Settings also lets user set a different voice. The settings file only stores the index of voice being used. It sets the actual voice by looking up in the voices array.

Warning: This means that upon changing the voice files of mimic, voice settings might change. Setting them once more should solve it.

Upon instantiation of chat window, voices are first populated.

In src/chatData.js (class Speaker):

static populateVoices() {
        execute('mimic -lv',function(raw){
            let vArray = raw.split('available: ')[1].trim().split(' ');
            Speaker.mimicVoices = vArray;
        });
}

Implementing speech

Speech is generated by running a mimic command with the right settings. The command constructor simply reads settings and builds a bash string.

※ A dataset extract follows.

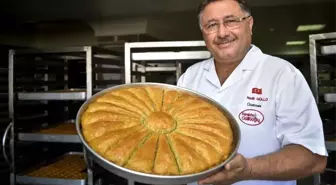 Ünlü Baklavacı Nadir Güllü'den bayramda baklava alacaklara uyarı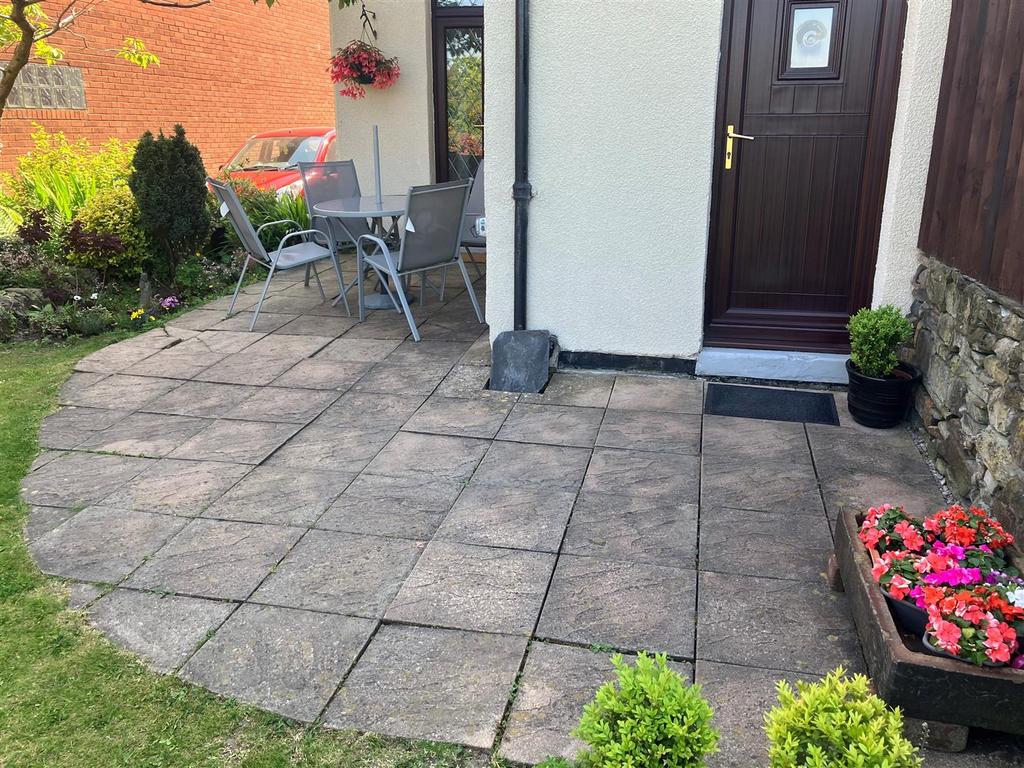 Patio in sun.jpg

In src/chatData.js (class Speaker):

static speak(text) {
        //don't speak if speaker disabled
        if(!Speaker.SPEAKER_ACTIVE) return;
        logv(`speaking ${text}`);
        if(Speaker.mimicIsInstalled){
            //generate command
            let command = `mimic -t "${text}" -voice ${Speaker.mimicVoices[Speaker.SETTINGS.VOICE]} --setf duration_stretch=${Speaker.SETTINGS.SPEED} --setf int_f0_target_mean=${Speaker.SETTINGS.PITCH}`;
            logv(command);
            execute(command,function(raw){
            });
        }else{
            logv('mimic is not installed, turning off tts');
        }
    }

Finally, we trigger speech from chat when:

A new message is received
SPEAKER_ACTIVE is set to true

In src/chatData.js (class ChatData):

static async sendChatMessage(text) {
        //add self message first
        let body = Message.createNewMessage(text);
        this.addNewMessage(new Message(SENDER_PERSON,body));
        let response = await sendPostRequest(URLProvider.messageUrl,body);
        if(response.isError){
            alert('Sending message failed');
        }else{
            let messageCount = response.body.length;
            if(messageCount>0){
                for (let mess of response.body){
                    let message = new Message(SENDER_BOT,mess);
                    //SPEAK!
                    Speaker.speak(message.message);
                    this.addNewMessage(message);
                }
            }else{
                //construct a message
                let message = new Message(SENDER_UNKNOWN,"No response received");
                this.addNewMessage(message);
            }
        }
    }